* _TO DO_: Print, in exact form, the lines below from the one containing "vidaXL 5-delige Tuinset" through the one containing "Summer White Woven", and omit all others.

[Caption-style text data]
★ ★ ★ ★

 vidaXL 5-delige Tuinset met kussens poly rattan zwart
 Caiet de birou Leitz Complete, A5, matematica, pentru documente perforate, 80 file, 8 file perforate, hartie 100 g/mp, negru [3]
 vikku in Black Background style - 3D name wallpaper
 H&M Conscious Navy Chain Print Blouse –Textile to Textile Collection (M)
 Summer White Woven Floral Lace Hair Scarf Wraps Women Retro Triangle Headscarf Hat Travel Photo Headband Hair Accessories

★ ★ ★ ★

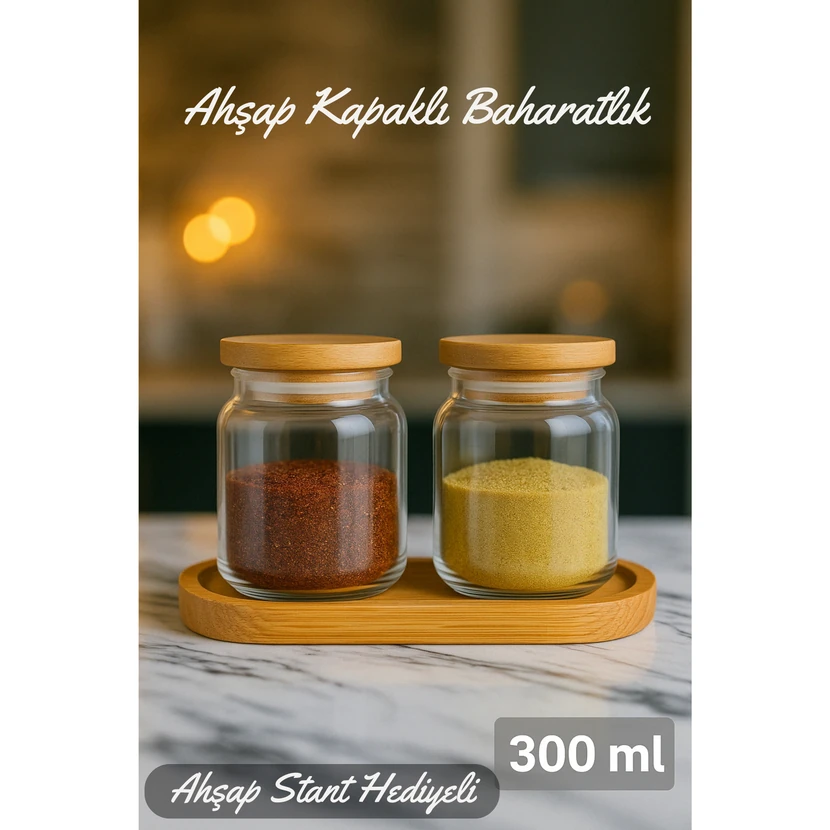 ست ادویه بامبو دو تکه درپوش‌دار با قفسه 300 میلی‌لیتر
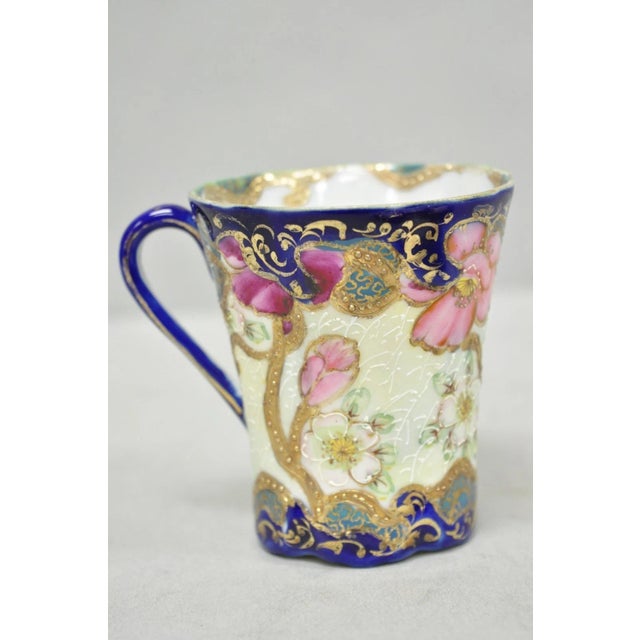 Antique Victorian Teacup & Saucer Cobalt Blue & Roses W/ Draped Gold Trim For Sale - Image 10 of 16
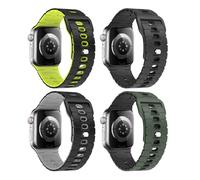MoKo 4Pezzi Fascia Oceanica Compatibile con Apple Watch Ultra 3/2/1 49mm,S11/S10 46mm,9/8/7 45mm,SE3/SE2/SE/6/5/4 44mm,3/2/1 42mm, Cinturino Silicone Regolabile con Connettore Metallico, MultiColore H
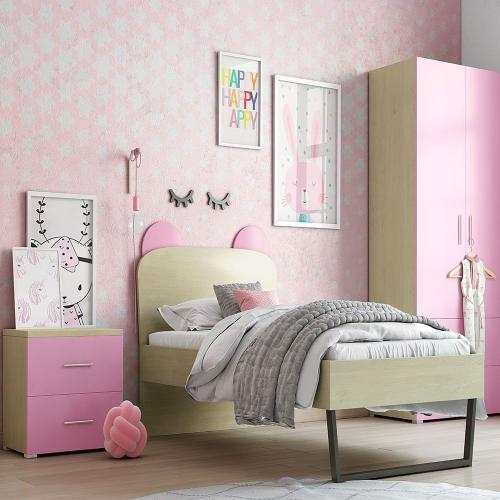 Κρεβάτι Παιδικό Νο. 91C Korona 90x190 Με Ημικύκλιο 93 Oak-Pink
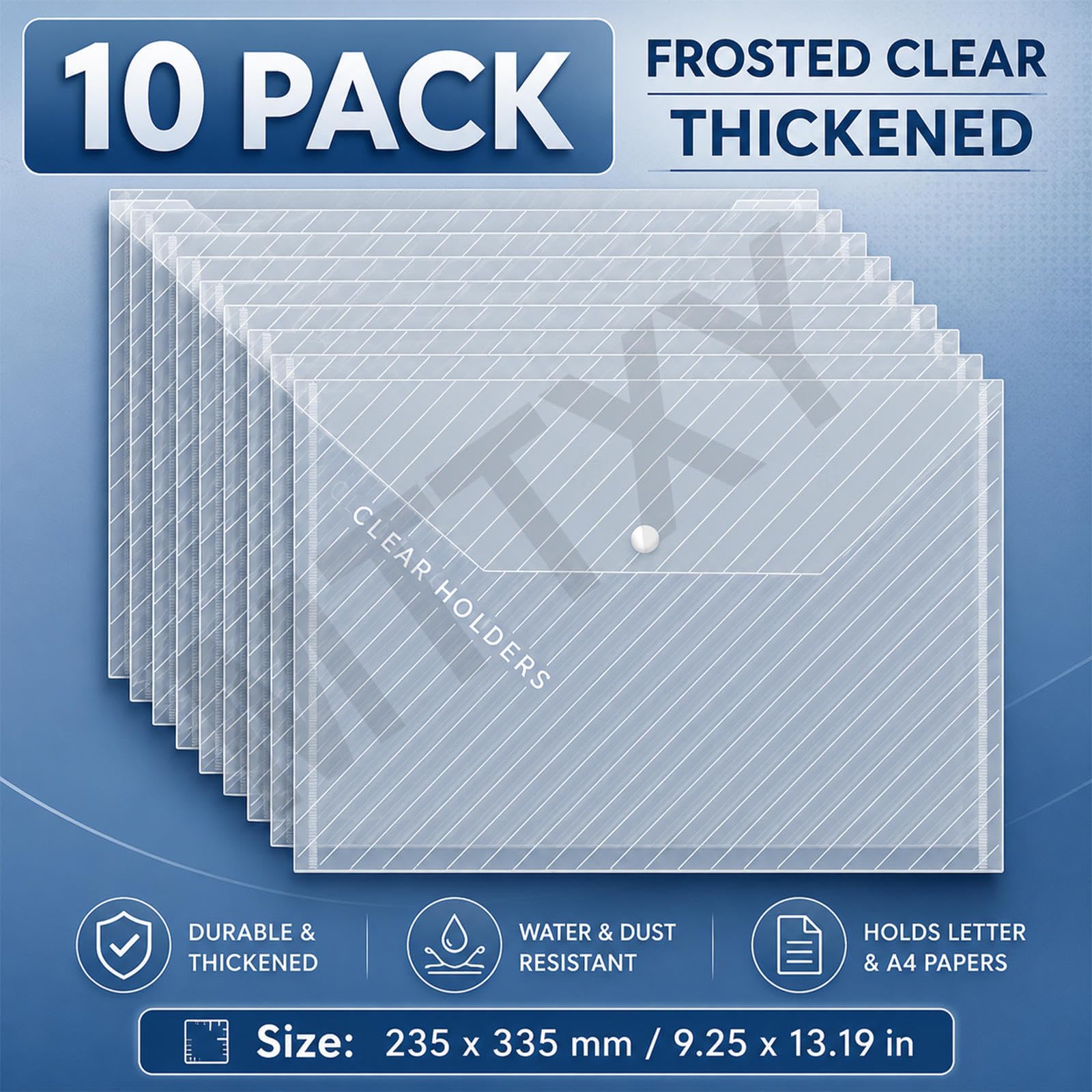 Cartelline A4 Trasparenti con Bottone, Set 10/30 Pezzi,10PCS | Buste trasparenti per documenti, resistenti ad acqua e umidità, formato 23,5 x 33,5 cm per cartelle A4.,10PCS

★ ★ ★ ★

* _YOUR SOLUTION_:
 vidaXL 5-delige Tuinset met kussens poly rattan zwart
 Caiet de birou Leitz Complete, A5, matematica, pentru documente perforate, 80 file, 8 file perforate, hartie 100 g/mp, negru [3]
 vikku in Black Background style - 3D name wallpaper
 H&M Conscious Navy Chain Print Blouse –Textile to Textile Collection (M)
 Summer White Woven Floral Lace Hair Scarf Wraps Women Retro Triangle Headscarf Hat Travel Photo Headband Hair Accessories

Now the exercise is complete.